The location of the pre-trained checkpoints is specified in the config file for fine-tuning.

python experiments/spider_dg/run.py train configs/spider/run_config/run_en_spider_finetune_syn.jsonnet

Evaluation

tensor2struct eval configs/spider/run_config/run_en_spider_finetune_syn.jsonnet

This will print out the exact-match and execution accuarcy.

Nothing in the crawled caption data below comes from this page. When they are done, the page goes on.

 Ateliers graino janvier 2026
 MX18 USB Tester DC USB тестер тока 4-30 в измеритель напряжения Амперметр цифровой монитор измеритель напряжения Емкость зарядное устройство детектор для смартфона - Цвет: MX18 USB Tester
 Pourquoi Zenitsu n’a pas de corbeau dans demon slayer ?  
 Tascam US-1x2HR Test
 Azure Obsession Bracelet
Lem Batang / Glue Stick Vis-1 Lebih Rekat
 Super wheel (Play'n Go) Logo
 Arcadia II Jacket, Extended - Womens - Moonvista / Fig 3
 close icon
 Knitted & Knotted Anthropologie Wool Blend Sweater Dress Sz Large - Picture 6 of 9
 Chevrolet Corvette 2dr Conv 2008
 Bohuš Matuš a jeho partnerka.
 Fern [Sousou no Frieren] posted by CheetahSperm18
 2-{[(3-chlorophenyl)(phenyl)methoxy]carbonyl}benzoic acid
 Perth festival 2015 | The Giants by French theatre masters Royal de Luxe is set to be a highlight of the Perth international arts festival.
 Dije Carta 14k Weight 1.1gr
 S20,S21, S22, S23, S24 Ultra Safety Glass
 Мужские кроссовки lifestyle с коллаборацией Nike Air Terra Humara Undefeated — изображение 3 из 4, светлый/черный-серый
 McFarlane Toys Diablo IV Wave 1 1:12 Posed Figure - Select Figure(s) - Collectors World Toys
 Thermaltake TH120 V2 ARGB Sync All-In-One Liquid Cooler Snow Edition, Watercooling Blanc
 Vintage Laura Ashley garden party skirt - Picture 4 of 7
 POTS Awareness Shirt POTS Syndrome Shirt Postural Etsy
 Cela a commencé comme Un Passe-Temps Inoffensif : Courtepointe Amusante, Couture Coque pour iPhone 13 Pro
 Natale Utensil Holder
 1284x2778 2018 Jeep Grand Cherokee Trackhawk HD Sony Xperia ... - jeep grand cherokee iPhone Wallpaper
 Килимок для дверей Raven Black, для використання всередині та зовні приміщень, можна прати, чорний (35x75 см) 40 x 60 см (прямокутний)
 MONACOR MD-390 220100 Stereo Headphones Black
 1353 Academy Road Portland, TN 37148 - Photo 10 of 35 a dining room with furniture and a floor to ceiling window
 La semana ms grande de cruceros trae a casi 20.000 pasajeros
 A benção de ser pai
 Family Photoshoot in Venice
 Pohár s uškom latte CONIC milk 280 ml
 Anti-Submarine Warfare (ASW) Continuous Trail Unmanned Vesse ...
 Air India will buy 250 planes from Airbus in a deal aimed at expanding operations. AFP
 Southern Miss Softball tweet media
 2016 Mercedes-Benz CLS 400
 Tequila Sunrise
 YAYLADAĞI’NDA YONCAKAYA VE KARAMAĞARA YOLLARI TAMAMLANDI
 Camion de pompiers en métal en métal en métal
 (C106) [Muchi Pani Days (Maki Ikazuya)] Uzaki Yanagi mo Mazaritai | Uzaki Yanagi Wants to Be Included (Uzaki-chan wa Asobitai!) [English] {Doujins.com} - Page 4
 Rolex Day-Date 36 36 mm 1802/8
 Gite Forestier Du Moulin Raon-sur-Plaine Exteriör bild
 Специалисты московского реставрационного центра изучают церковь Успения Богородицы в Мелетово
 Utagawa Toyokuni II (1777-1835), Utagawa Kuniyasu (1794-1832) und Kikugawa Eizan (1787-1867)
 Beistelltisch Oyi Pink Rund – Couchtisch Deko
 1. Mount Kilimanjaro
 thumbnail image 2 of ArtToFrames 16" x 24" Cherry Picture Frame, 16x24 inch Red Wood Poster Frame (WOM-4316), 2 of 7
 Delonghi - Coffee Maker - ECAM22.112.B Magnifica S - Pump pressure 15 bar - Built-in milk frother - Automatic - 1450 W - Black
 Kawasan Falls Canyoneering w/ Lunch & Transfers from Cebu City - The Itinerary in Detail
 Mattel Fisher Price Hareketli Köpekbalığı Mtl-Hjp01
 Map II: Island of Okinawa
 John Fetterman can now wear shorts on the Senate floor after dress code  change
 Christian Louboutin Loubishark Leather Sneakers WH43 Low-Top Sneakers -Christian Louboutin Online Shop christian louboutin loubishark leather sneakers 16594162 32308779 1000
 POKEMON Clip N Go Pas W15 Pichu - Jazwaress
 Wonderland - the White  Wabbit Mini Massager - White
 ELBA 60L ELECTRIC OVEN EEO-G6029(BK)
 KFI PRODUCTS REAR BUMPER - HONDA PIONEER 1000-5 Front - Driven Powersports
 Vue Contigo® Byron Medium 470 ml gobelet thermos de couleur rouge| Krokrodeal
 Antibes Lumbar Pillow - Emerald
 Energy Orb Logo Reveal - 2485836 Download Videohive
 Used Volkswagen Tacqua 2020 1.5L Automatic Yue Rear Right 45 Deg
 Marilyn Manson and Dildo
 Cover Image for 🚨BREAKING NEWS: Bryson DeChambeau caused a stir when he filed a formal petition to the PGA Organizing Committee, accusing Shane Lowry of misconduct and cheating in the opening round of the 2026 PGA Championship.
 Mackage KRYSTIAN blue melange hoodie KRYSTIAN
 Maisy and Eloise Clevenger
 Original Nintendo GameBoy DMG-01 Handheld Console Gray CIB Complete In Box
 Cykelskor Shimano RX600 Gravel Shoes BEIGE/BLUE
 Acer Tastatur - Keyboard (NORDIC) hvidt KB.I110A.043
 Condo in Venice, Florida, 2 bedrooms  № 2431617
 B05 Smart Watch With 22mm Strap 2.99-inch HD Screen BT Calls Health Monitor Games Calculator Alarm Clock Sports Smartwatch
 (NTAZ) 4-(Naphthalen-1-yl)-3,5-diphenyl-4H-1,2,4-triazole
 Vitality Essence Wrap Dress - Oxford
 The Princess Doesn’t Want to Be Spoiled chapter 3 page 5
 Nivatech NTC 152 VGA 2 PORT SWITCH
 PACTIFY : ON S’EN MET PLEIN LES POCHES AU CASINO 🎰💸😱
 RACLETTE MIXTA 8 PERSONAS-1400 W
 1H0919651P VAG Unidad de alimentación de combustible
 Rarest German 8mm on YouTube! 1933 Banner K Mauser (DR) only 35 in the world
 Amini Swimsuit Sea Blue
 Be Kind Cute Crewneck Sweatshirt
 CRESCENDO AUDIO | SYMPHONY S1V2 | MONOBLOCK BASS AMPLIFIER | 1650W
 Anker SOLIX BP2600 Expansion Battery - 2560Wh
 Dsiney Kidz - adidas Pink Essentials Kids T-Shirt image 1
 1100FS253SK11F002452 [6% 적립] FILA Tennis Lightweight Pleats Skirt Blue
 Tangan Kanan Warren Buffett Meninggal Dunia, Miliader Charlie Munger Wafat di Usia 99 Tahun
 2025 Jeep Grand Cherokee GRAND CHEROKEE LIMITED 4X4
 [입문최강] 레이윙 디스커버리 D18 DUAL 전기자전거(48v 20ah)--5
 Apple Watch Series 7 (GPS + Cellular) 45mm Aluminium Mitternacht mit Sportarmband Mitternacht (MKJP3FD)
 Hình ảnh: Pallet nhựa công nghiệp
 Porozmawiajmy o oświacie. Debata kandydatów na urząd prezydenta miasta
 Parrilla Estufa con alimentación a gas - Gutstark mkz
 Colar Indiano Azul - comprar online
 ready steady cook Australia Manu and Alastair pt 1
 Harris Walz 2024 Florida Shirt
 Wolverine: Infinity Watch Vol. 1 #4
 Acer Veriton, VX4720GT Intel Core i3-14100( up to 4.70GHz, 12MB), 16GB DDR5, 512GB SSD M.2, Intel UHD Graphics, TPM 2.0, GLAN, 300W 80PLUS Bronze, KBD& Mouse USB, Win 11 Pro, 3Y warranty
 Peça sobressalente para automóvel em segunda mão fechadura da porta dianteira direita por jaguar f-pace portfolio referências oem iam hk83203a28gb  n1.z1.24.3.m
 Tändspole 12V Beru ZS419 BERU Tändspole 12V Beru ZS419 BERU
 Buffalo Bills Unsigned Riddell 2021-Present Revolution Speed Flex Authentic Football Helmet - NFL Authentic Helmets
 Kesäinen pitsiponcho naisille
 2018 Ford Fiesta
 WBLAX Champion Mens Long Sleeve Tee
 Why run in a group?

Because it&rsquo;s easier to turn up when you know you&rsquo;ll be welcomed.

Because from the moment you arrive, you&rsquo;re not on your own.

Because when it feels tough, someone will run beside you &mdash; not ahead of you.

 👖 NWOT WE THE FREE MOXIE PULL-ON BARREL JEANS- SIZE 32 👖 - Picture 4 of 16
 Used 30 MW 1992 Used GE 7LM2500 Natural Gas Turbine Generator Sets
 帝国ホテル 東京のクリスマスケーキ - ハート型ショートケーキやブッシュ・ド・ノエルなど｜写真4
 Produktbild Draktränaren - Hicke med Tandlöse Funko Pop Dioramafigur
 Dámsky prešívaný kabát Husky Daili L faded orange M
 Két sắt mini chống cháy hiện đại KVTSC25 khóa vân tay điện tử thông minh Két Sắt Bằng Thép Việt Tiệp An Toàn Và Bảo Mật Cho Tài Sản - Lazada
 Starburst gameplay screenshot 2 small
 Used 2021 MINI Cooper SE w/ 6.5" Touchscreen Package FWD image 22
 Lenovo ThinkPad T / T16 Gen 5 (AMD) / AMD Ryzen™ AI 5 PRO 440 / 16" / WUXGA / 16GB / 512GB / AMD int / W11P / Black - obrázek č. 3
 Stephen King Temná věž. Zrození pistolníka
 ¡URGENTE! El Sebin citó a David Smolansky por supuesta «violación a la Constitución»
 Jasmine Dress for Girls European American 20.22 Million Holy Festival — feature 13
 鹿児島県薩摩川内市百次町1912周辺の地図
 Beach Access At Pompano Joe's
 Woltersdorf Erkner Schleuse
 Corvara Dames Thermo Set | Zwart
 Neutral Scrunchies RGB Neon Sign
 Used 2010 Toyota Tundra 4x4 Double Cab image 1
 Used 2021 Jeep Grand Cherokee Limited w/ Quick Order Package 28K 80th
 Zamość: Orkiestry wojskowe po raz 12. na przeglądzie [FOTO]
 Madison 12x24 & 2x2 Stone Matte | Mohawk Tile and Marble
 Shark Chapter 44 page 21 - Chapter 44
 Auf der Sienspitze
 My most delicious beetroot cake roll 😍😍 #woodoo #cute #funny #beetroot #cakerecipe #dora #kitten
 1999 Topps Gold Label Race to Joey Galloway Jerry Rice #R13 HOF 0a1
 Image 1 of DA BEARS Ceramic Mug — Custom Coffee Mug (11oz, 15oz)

Process of Synthesizing Data (Optional)

Attention, this will take many steps. Please stay patient :).

i. Setup BART

  1. Install fairseq. It's recommended to setup another virutal environment for finetuning and data synthesizing. It's also assumed that this environment has tensor2struct installed.

  2. Download GPT2 BPE

    wget -N 'https://dl.fbaipublicfiles.com/fairseq/gpt2_bpe/encoder.json' wget -N 'https://dl.fbaipublicfiles.com/fairseq/gpt2_bpe/vocab.bpe' wget -N 'https://dl.fbaipublicfiles.com/fairseq/gpt2_bpe/dict.txt'

  3. Download BART pretrained model

    wget https://dl.fbaipublicfiles.com/fairseq/models/bart.large.tar.gz

Unzip it to the current directory. Or you could place it in another directory; just make use the checkpoint path is correctly configured in the ./scripts/finetune.sh

ii. Prepara Data for BART Finetuning

Run the following commands to preprocess data for finetuning.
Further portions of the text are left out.